§ Records for processing
▶

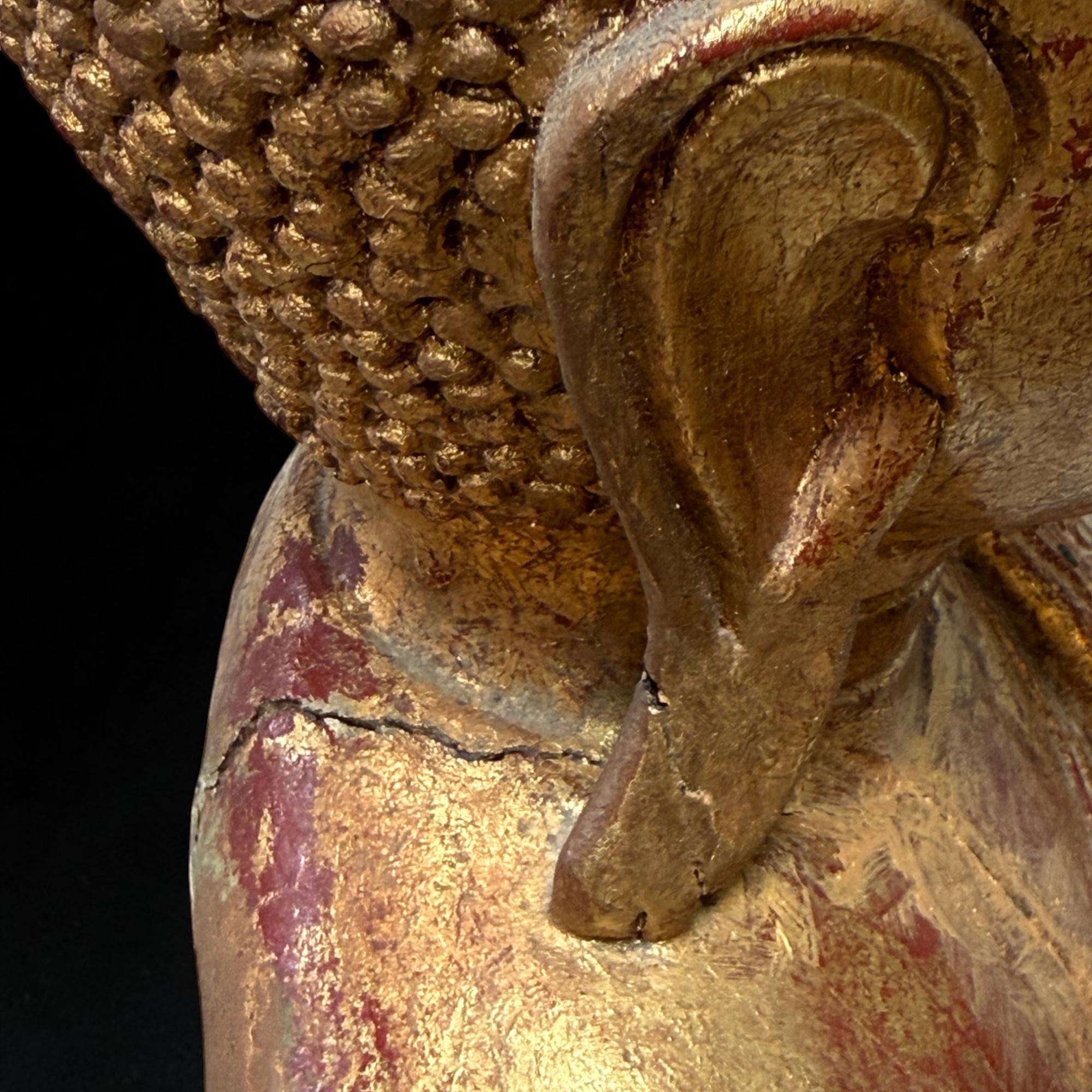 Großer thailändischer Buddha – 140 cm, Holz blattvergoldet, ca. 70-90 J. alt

◀
▶

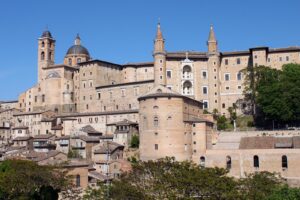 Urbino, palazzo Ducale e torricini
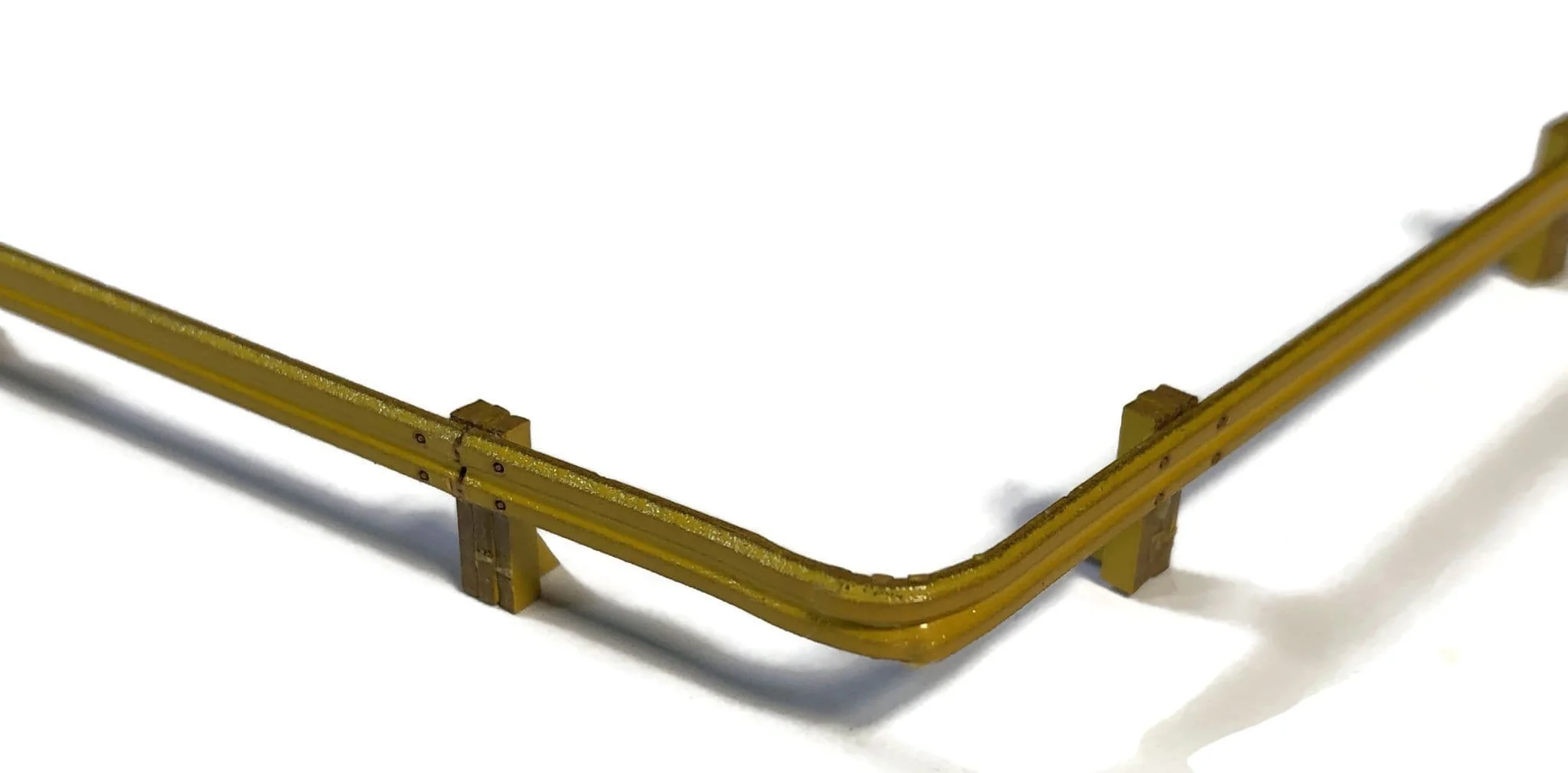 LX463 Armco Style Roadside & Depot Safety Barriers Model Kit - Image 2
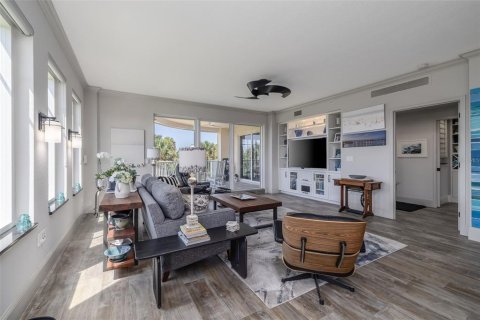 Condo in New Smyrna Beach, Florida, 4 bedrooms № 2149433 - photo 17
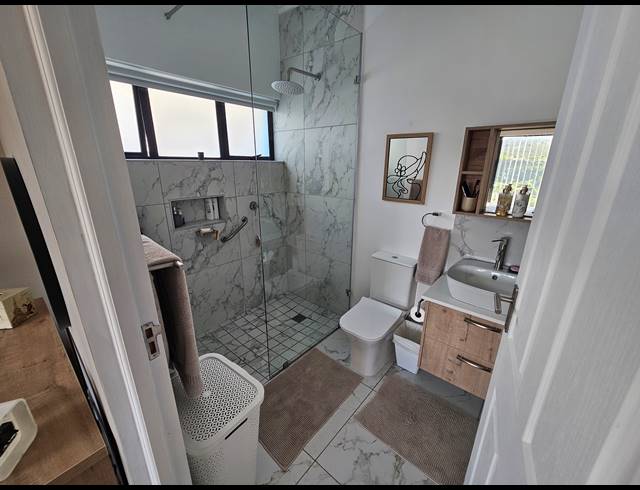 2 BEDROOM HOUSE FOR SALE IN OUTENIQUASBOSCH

◀

§ Description of the task
Copy only the lines above from the one containing "Condo in New" through the one containing "2 BEDROOM HOUSE FOR SALE IN OUTENIQUASBOSCH", both included. Leave out the pictures.

§ Answer space
 Condo in New Smyrna Beach, Florida, 4 bedrooms № 2149433 - photo 17
 2 BEDROOM HOUSE FOR SALE IN OUTENIQUASBOSCH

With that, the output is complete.